SANTA FE, N.M. — Lawsuits have been filed that seek to disqualify at least three Republican candidates and two Democrats from running for the New Mexico House of Representatives, according to court documents released Monday.
The lawsuits in state district courts could eliminate competition in three House races between Republicans and Democrats, as well as two primaries in Democrat-dominated districts.
Democrats hold a 38-seat majority in the 70-member House, and they aim to control both legislative chambers as well as the governor’s office. Republican Gov. Susana Martinez can’t run for re-election after two consecutive terms.
Elections for the Democrat-controlled Senate take place next in 2020.

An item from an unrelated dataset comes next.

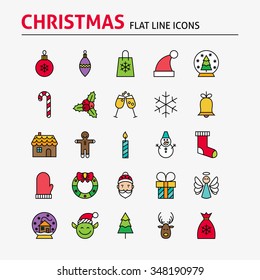 Merry Christmas Colorful Flat Line Icons Set. Vector Set of 25 Winter Holiday Seasonal Modern Thin Line Icons for Web and Mobile. Linear Icons Collection.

The suits describe alleged failures to meet requirements for collecting signatures, and could sideline incumbent Republican Reps. Kelly Fajardo of Belen and Sharon Clahchischilliage of Shiprock, along with Republican challenger Bev Courtney of Las Cruces. Courtney hopes to unseat Rep. Joanne Ferrary in the November general election.
Democratic Rep. Derrick Lente of Sandia Pueblo filed a court challenge of signatures filed by Democratic primary rival Phillip Salazar of Dulce, in a race with no general-election competition from other parties. Democrat Kevin Mitchell of Tohatchi is in another decisive Democratic primary against Rep. Doreen Johnson.

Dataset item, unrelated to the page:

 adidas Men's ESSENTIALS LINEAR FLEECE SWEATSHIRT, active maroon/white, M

State Republican Party Chairman Ryan Cangiolosi on Monday said the complaints against Fajardo and Clahchischilliage hinge on minor technicalities and accused Democrats of underhanded legal moves that could effectively disenfranchise voters.

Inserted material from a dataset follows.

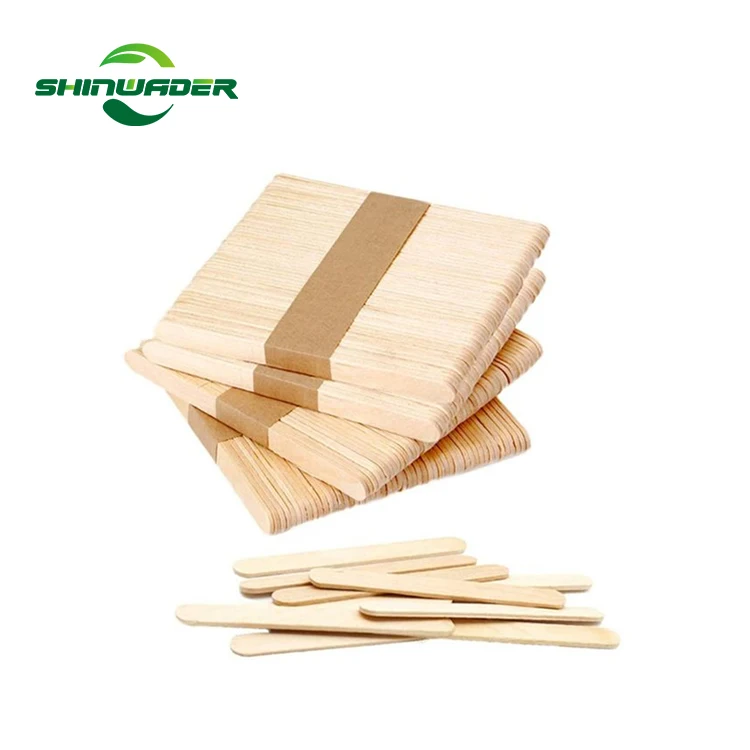 Wholesale eco disposable biodegradable birch food grade ice cream sticks for automatic machine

Fajardo’s last name was misspelled with a missing letter at the top of several of her signature petition forms, and a middle initial was added by hand to Clahchischilliage’s name after her signature forms were printed.
“The Democratic Party of New Mexico recognizes it can’t win a fair fight, so it’s resorted to filing frivolous lawsuits to try to win,” said Cangiolosi, linking lawsuits filed by individual registered voters to the Democratic Party.
State Democratic Party spokeswoman Felicia Salazar said in a statement that the party was not behind the challenges against Republican House candidates.
“We believe New Mexicans deserve lawmakers who can file their paperwork correctly,” Salazar said. “Everyone should play by the same rules.”
Cangiolosi acknowledged that the Republican Party routinely vets opposition candidate registration forms to ensure signatures originate from qualified partisan supporters.